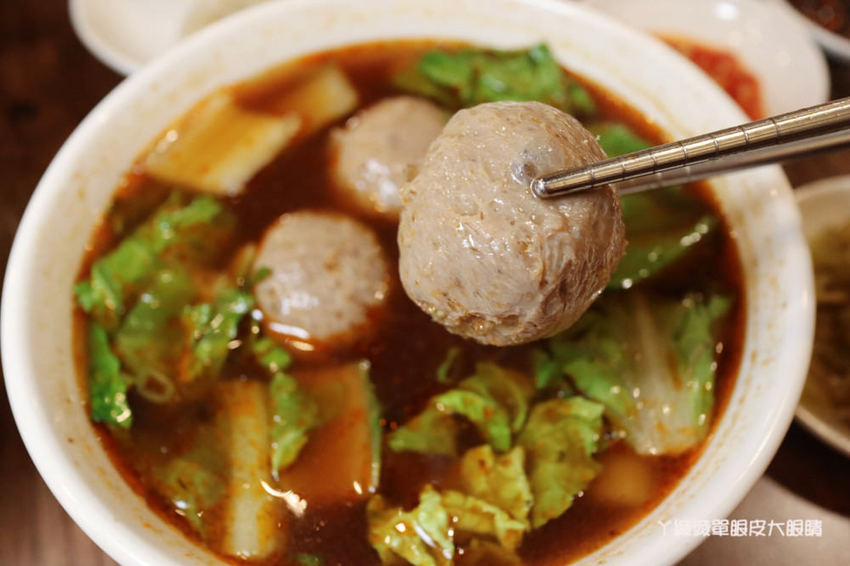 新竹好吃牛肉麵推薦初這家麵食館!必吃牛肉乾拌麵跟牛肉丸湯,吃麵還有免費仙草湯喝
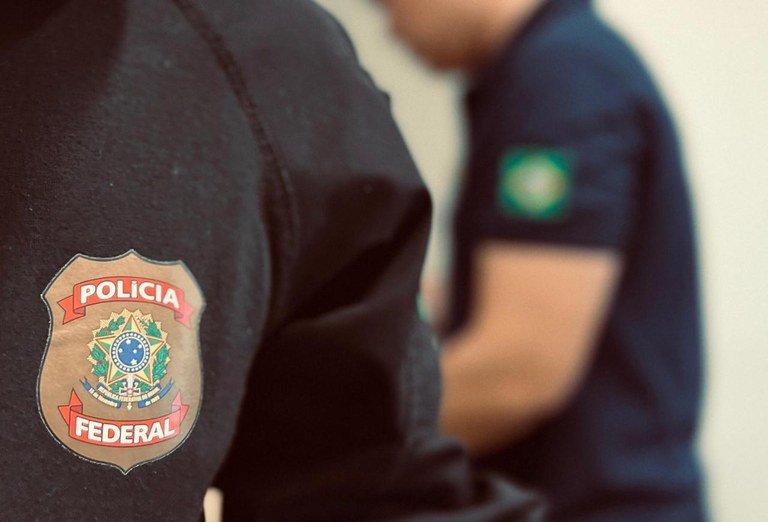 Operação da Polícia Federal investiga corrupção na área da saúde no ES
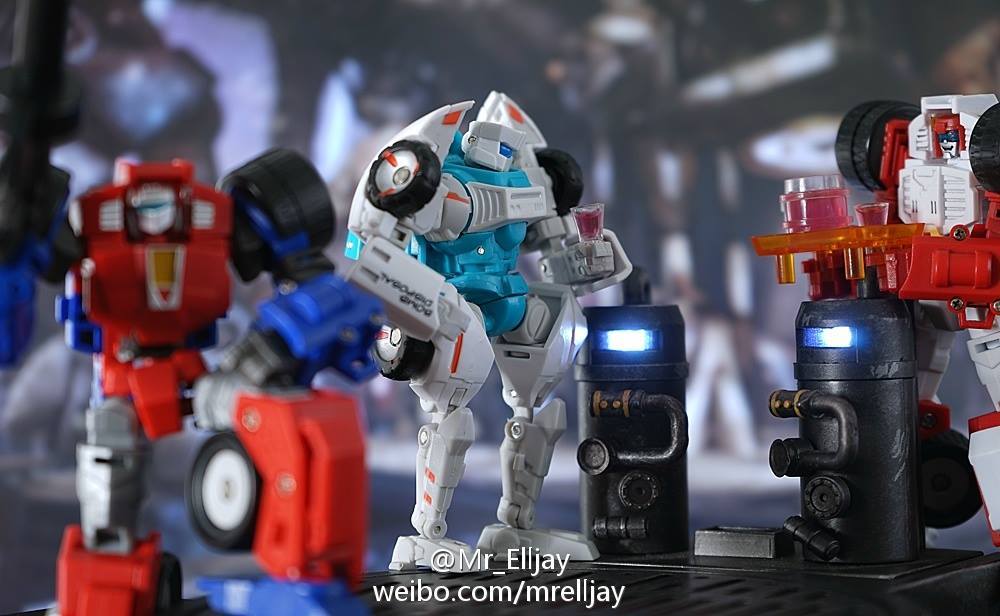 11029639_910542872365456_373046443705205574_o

---

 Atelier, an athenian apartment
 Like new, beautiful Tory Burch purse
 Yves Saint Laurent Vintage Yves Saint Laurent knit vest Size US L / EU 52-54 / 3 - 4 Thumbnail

Try it = In the listing above, find the line containing "新竹好吃牛肉麵推薦初這家麵食館!必吃牛肉乾拌麵跟牛肉丸湯,吃麵還有免費仙草湯喝" and the line containing "11029639_910542872365456_373046443705205574_o", then write out both of them and every line between, exactly, with no pictures.

Final answer =
 新竹好吃牛肉麵推薦初這家麵食館!必吃牛肉乾拌麵跟牛肉丸湯,吃麵還有免費仙草湯喝
 Operação da Polícia Federal investiga corrupção na área da saúde no ES
 11029639_910542872365456_373046443705205574_o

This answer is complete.